Regarding the former, people overestimate their positive qualities, a form of cognitive bias known as “illusory superiority.” The norms that frame ethical consumption are aspirational, so it is reasonable to expect individuals to overestimate their ability to consume ethically. One might call it the Lake Wobegon effect, in which we are “all above average.”

But economics is perhaps a more intractable obstacle to ethical consumption.

In 2007 I was invited to lecture at a national business plan competition in Tanzania, where I met some of East Africa’s top entrepreneurs. The business plans I evaluated and the entrepreneurs I met fell into three categories. Some entrepreneurs were attempting to build an ethical consumer base; one explained to me his vision of bringing organic milk to East Africa. The second category was the “better-faster-smarter” plans for incremental improvement over the status quo. These can work, but they can be challenging to adopt unless the increased value is clear. The third category involved filling a void in the market. One entrepreneur who lacked any formal education explained to me that the backlog for baby chicken orders was months long. He sought capital to affix bright lights inside his vehicle to create a mobile egg hatchery. He would supply local buyers and provide a basic, missing service. His concept was business in its purest form.

Technology is the essential component of sustainable development.

In Tanzania I realized that there was a hierarchy of needs we often overlook in developed markets. Businesses address market gaps until they are filled and then create improvements until perceived value is outweighed by marginal cost.

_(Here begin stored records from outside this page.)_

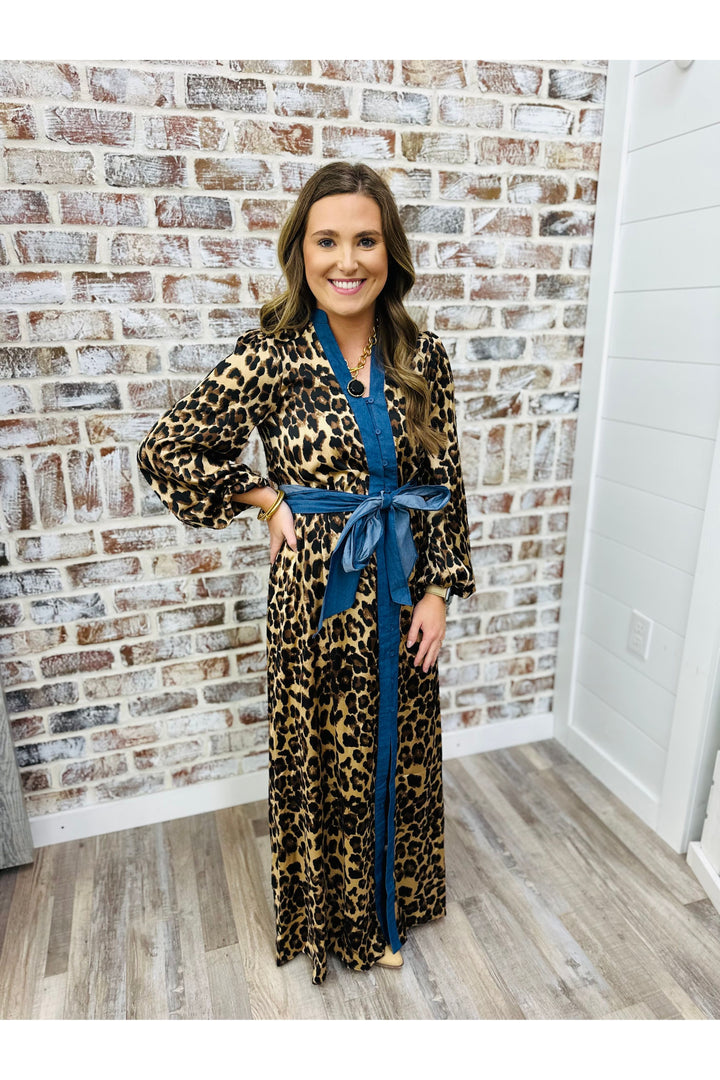 Denim + Leopard Maxi Dress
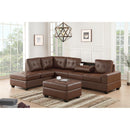 Happy Homes Heights Stationary Faux Leather 2 pc Sectional Heights 2 pc Sectional with Ottoman - Brown IMAGE 1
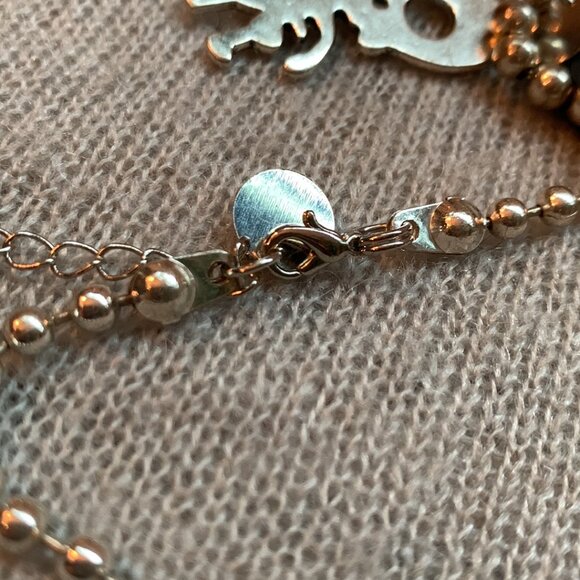 2x32$ ❄️👸👑 Trio Necklace Bracelet & Earrings - silver tone skull & bead chain - Picture 12 of 13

Only thereafter are consumers able to rationalize higher-priced products providing ancillary value. Ethical consumption is a luxury not all can afford. In Tanzania I nodded at the concept of organic milk, but one glance out my window revealed more pressing challenges. There were too many gaps to be filled, too many opportunities for improvement that would be addressed first. High demand for essential goods and upgrades in the developing world told me that, for a time, spades would trump hearts.

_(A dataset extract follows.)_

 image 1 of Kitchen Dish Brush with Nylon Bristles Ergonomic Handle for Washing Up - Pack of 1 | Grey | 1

Ethical consumers, who are concerned about sustainable development, should worry about how Tanzania and other poor countries can grow despite fixed resources. Technology, insofar as it enables increased marginal return on the same input, can provide a necessary escape from the potential conflict between economic development and sustainability. True, the windfalls of innovation must be counterpoised against the externalities of production, such as pollution, but ethical consumers should agree that innovation and technology are the bedrocks of our ability to increase quality of life in a sustainable way.

Ethical consumption can foster positive, demand-driven change and to some extent influence the mechanics and processes of innovation. But civil society campaigns pushing ethical consumption must acknowledge that technology is the essential component of sustainable development. The realistic platform will embrace innovation. The ambitious platform will embrace innovation and pinpoint negative externalities, accepting that only when the initial pragmatics are met will we move away from our Lake Wobegon cognitive biases and toward action.

Government and civil society must work together to frame demand-driven change, with the needs of security balanced against the imperatives of human choice. Civil society will play a role in increasing transparency and access to information so that individuals continue to, with full agency, make the rational choices that match their needs. But the architects of change must weigh the goal of mitigating externalities against the benefits of innovation and frame the debate in a way that takes into account economics and psychology.